## Task directions
All of the data below should be printed again word for word, pictures excluded.

## Records supplied
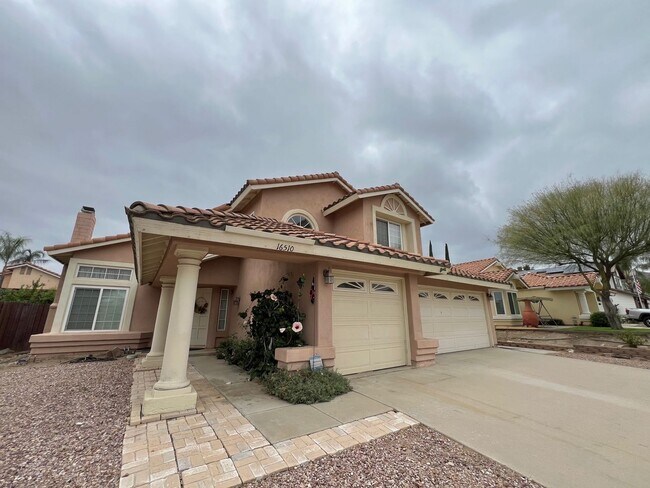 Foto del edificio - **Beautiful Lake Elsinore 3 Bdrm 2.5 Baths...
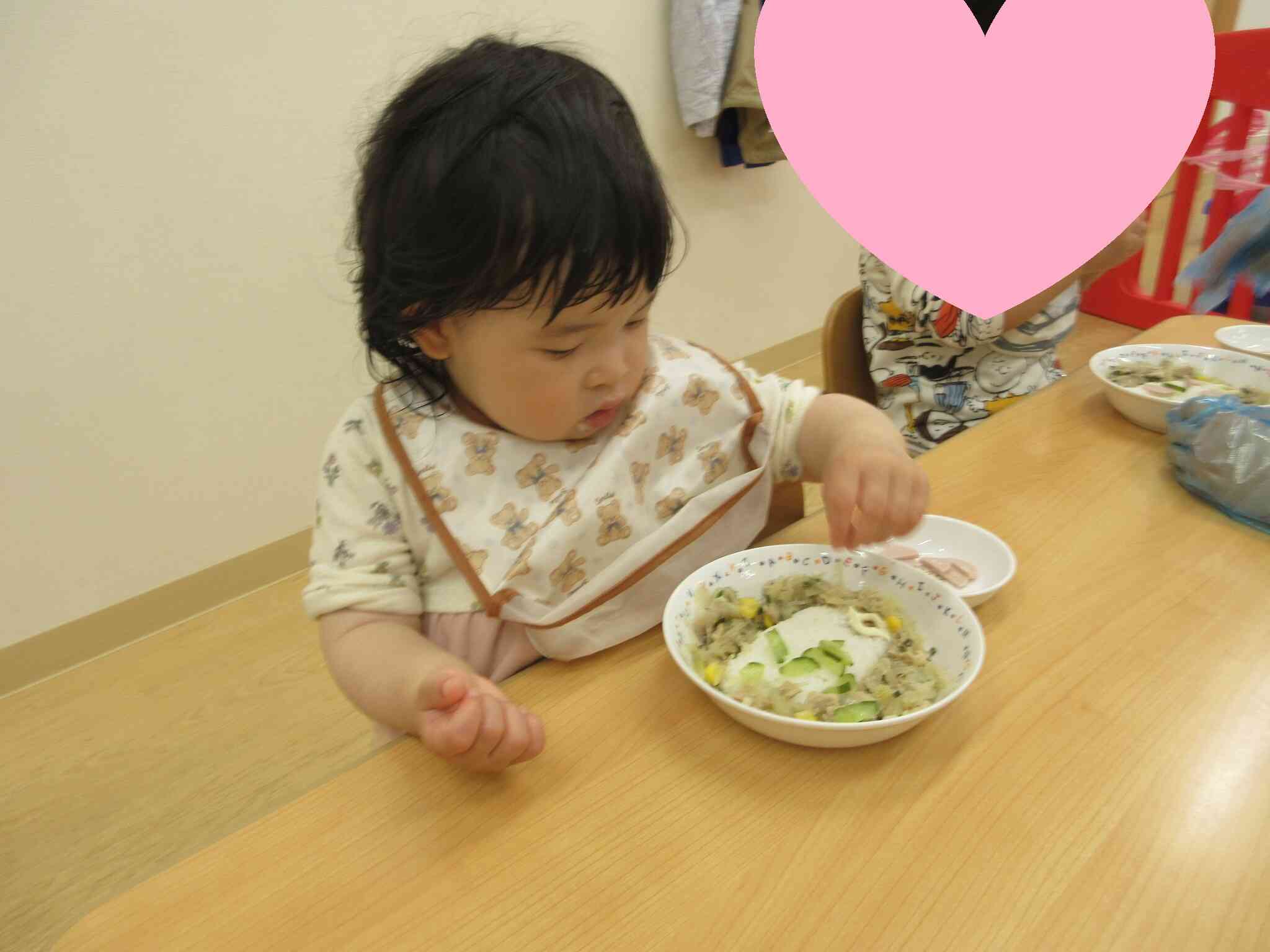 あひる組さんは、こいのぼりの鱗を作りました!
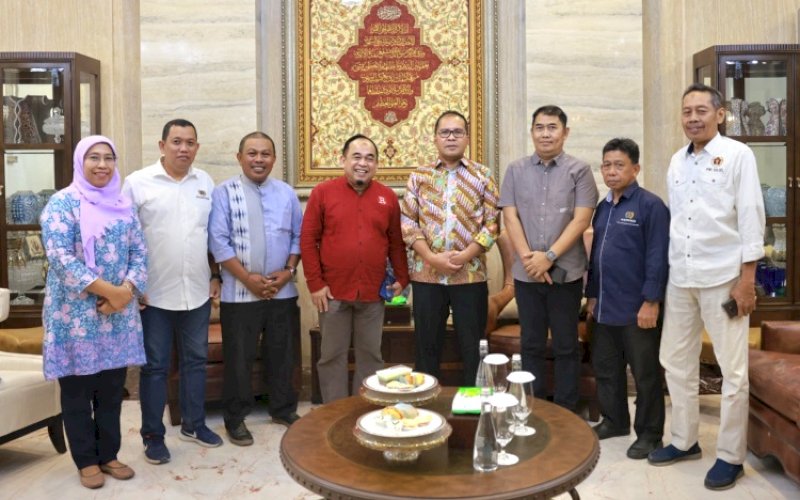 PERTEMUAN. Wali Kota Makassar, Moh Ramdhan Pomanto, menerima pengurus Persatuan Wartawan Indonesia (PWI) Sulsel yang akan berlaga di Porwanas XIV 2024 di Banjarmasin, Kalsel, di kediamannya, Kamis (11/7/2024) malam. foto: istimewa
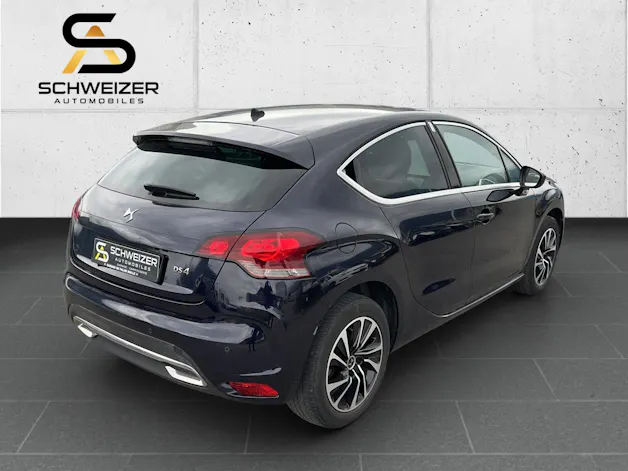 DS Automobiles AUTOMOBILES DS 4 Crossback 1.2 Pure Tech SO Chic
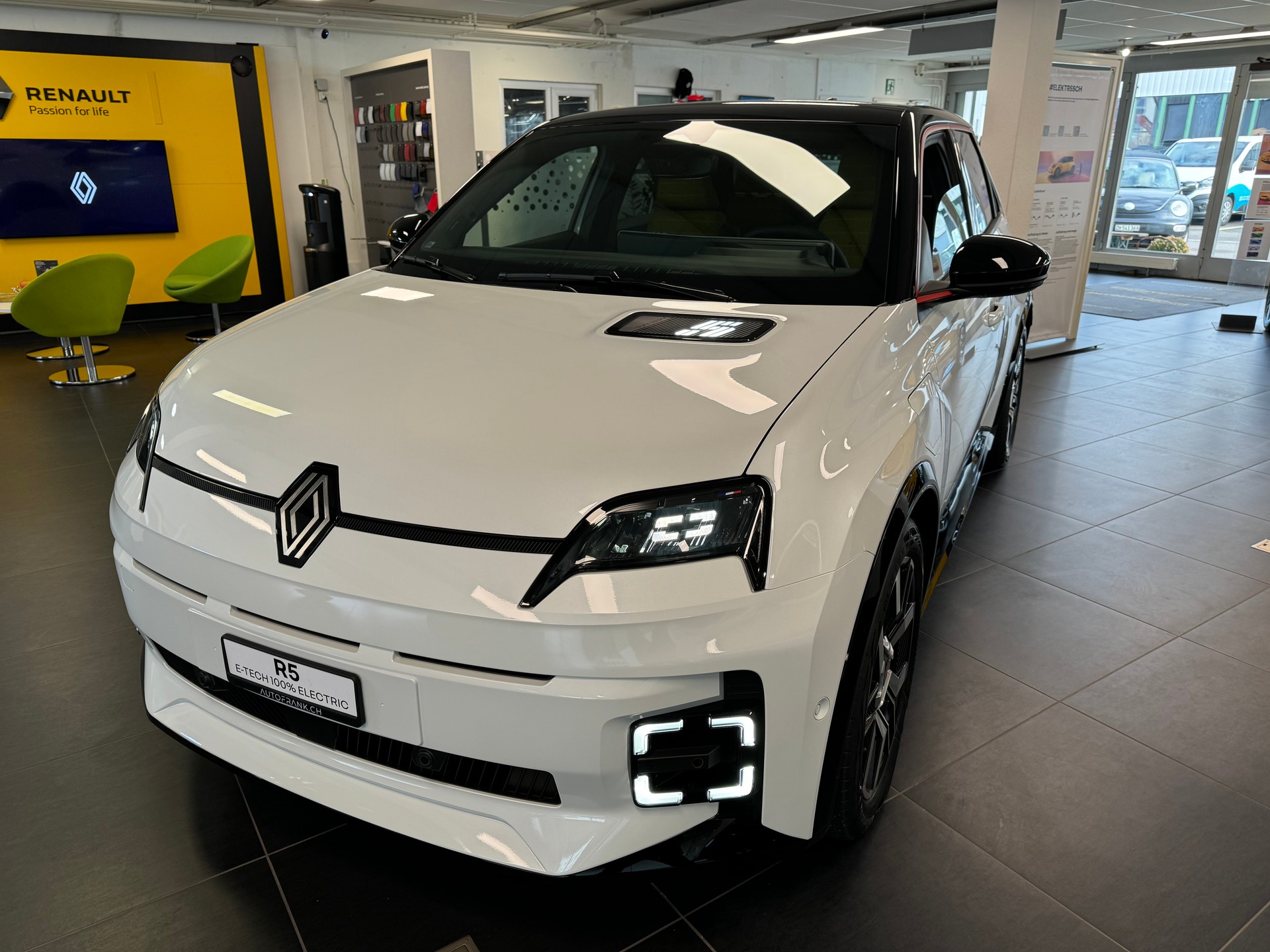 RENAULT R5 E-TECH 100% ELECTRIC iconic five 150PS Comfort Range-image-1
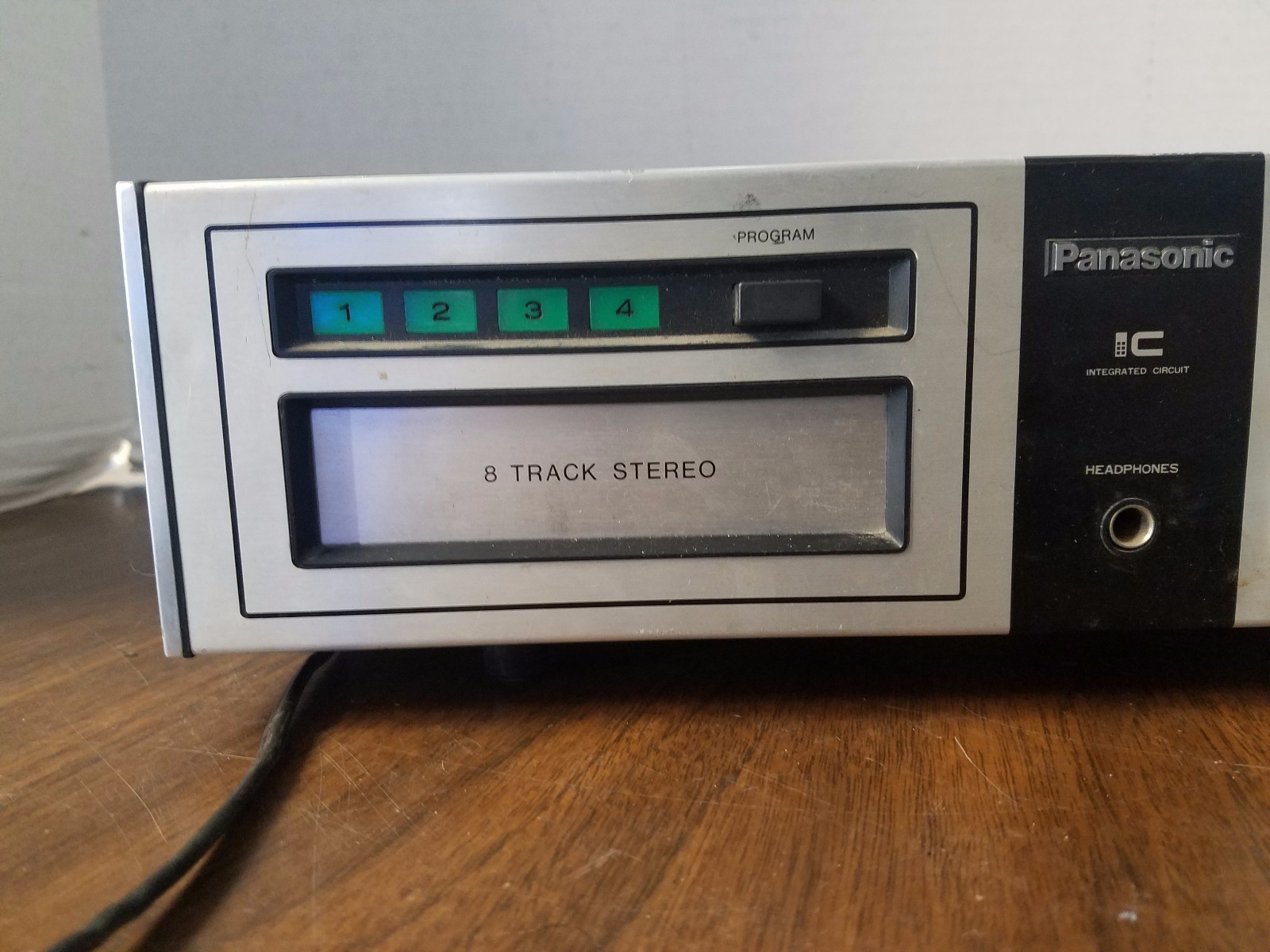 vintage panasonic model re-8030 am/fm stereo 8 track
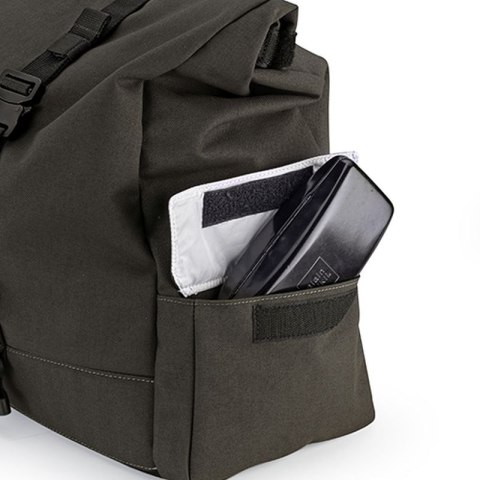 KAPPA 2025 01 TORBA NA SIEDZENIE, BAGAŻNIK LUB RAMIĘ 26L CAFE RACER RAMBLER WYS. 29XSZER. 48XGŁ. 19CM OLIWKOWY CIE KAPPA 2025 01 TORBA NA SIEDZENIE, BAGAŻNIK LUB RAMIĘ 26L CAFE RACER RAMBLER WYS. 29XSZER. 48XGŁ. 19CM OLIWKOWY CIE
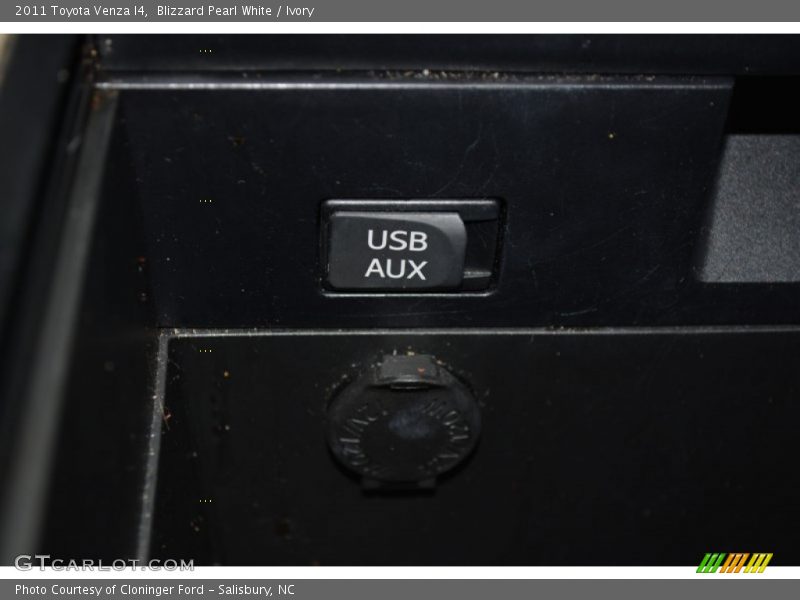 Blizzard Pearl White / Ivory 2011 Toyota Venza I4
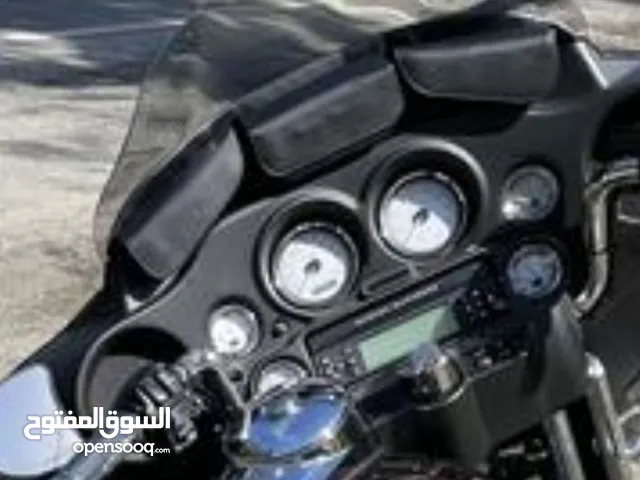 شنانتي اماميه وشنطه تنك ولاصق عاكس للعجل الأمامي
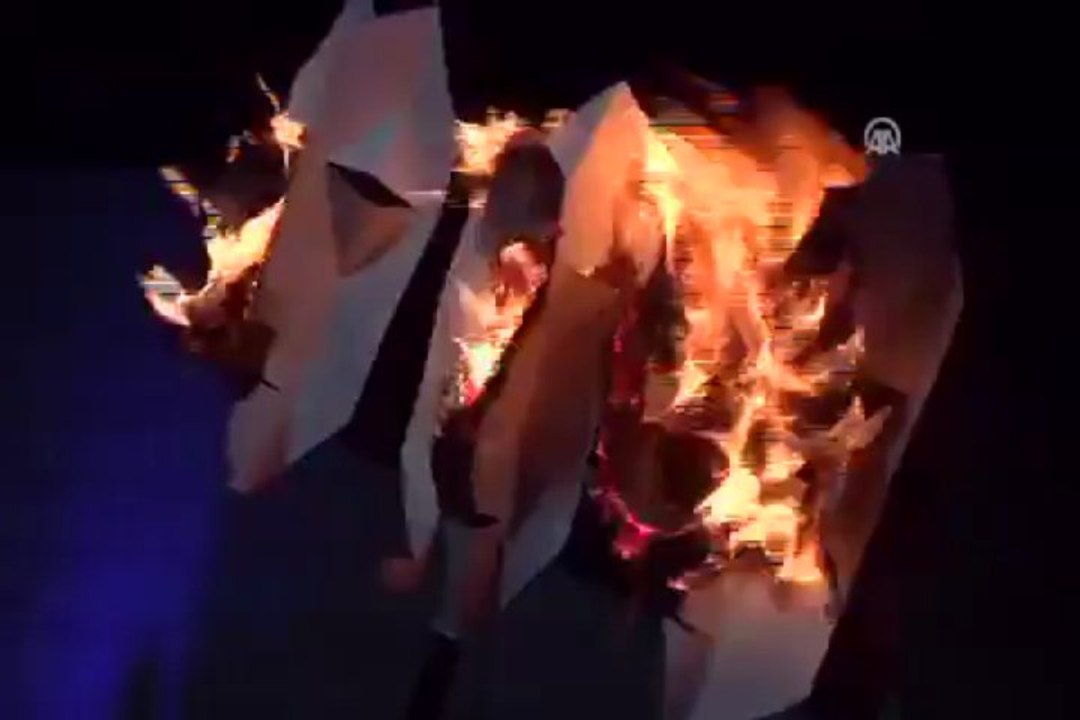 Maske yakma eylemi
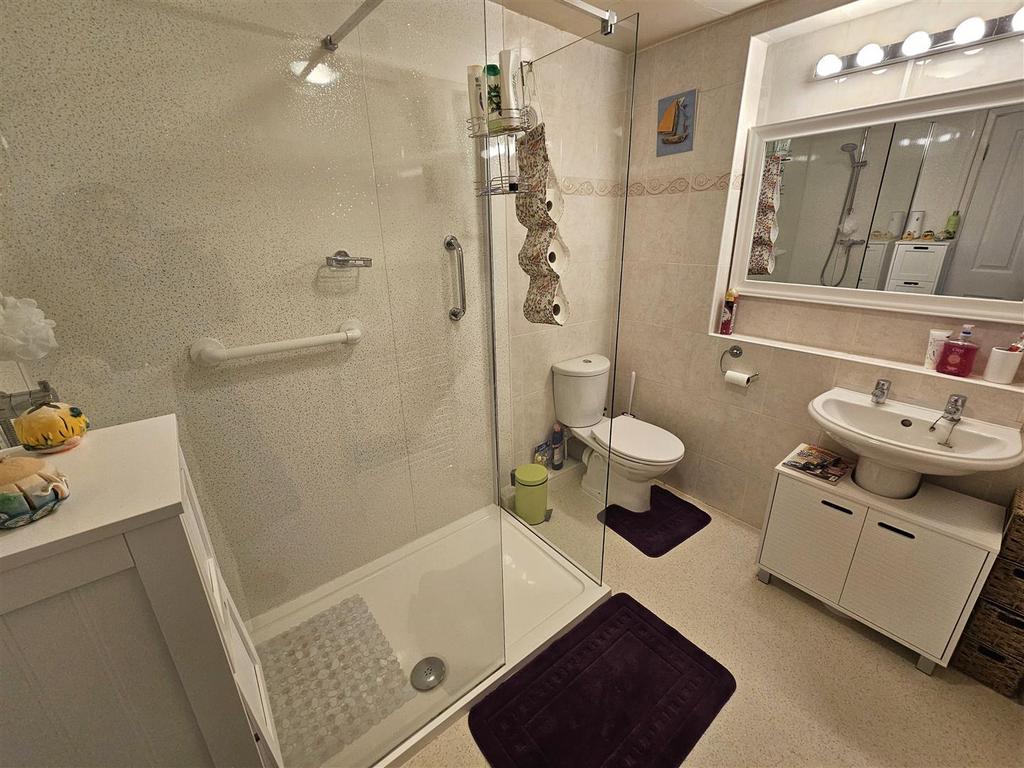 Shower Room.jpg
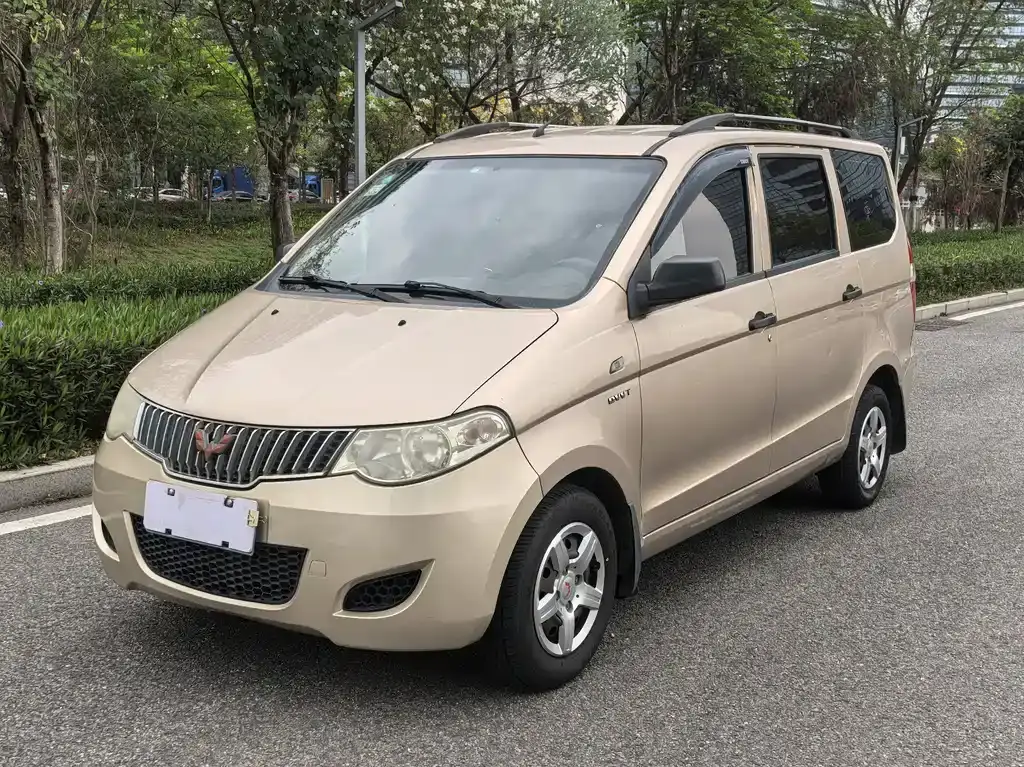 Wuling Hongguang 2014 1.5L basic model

## Exercise result
 Foto del edificio - **Beautiful Lake Elsinore 3 Bdrm 2.5 Baths...
 あひる組さんは、こいのぼりの鱗を作りました!
 PERTEMUAN. Wali Kota Makassar, Moh Ramdhan Pomanto, menerima pengurus Persatuan Wartawan Indonesia (PWI) Sulsel yang akan berlaga di Porwanas XIV 2024 di Banjarmasin, Kalsel, di kediamannya, Kamis (11/7/2024) malam. foto: istimewa
 DS Automobiles AUTOMOBILES DS 4 Crossback 1.2 Pure Tech SO Chic
 RENAULT R5 E-TECH 100% ELECTRIC iconic five 150PS Comfort Range-image-1
 vintage panasonic model re-8030 am/fm stereo 8 track
 KAPPA 2025 01 TORBA NA SIEDZENIE, BAGAŻNIK LUB RAMIĘ 26L CAFE RACER RAMBLER WYS. 29XSZER. 48XGŁ. 19CM OLIWKOWY CIE KAPPA 2025 01 TORBA NA SIEDZENIE, BAGAŻNIK LUB RAMIĘ 26L CAFE RACER RAMBLER WYS. 29XSZER. 48XGŁ. 19CM OLIWKOWY CIE
 Blizzard Pearl White / Ivory 2011 Toyota Venza I4
 شنانتي اماميه وشنطه تنك ولاصق عاكس للعجل الأمامي
 Maske yakma eylemi
 Shower Room.jpg
 Wuling Hongguang 2014 1.5L basic model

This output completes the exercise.